Ditto to the previous responses.

I thought I would highlight some specific skills that are needed in a youth ministry role:

- Planning - you can fly by the seat of your pants for a while, but it is not sustainable. Involve others and plan for both the short term and long term.

- Interpersonal skills - You will have to interact with all ages within the church: youth, parents, guardians, grandparents, coworkers, hotel managers, bus companies, retreat leaders, choir directors, church administrators, and on and on. Being adept at working with this myriad of others will build a foundation that is sustainable for the program.

- Communication - tell parents and volunteers what you're doing tell them often and in multiple formats. Of course, you need to tell youth what's going on, but if you let the supporting adults around the youth know what's going on regularly and in advance, you will gain their trust and support. Parents are always frustrated to find out about the Friday night get -together from their students after school on the same Friday.

- Collaboration - similar to interpersonal skills, youth ministry is not sustainable with the youth leader at the center. First, that misses the point completely. Youth ministers point to Jesus, they (themselves) are not Jesus. Working with others and giving away pieces of the program to qualified volunteers will make the ministry sustainable, even if you decide to move on.

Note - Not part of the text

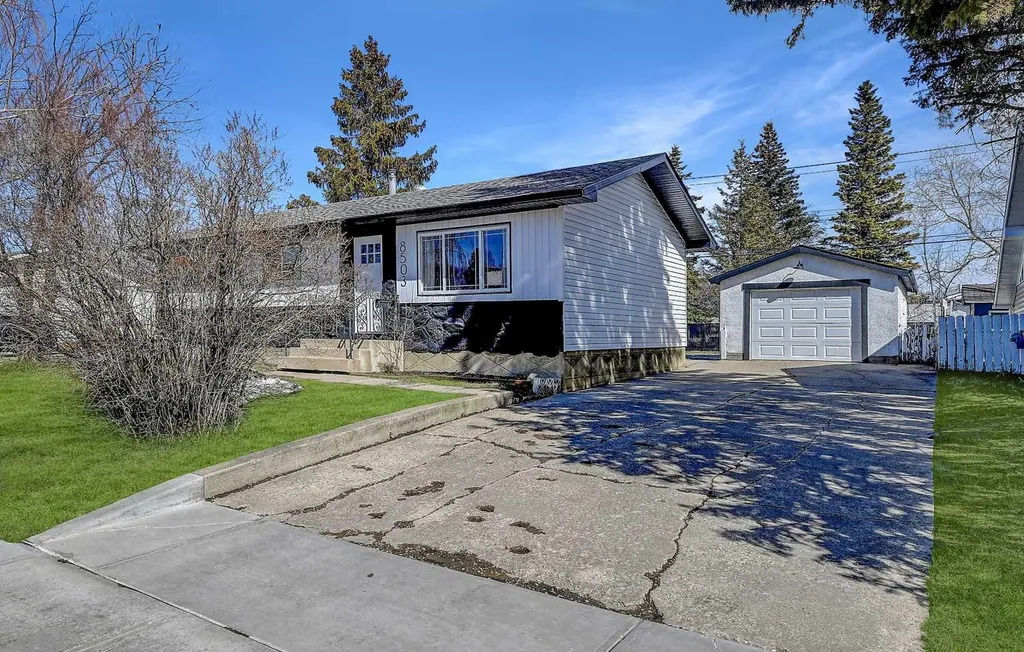 8503 100 Street Grande Prairie AB T8V 2J8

- Be grateful in a conscious hands-on way, continually let the others with responsibilities that have a hand in the formation of the spiritual lives of students, that they are appreciated and crucial to the success of your efforts. Send them hand-written thank-you notes. Take them for coffee and say thank you. Send your volunteers a Valentine's Day card and thank them for loving the church's students. Recognize them in worship. Strong volunteers make for strong ministry programs.

I could go on and on.

Blessings on you Abby.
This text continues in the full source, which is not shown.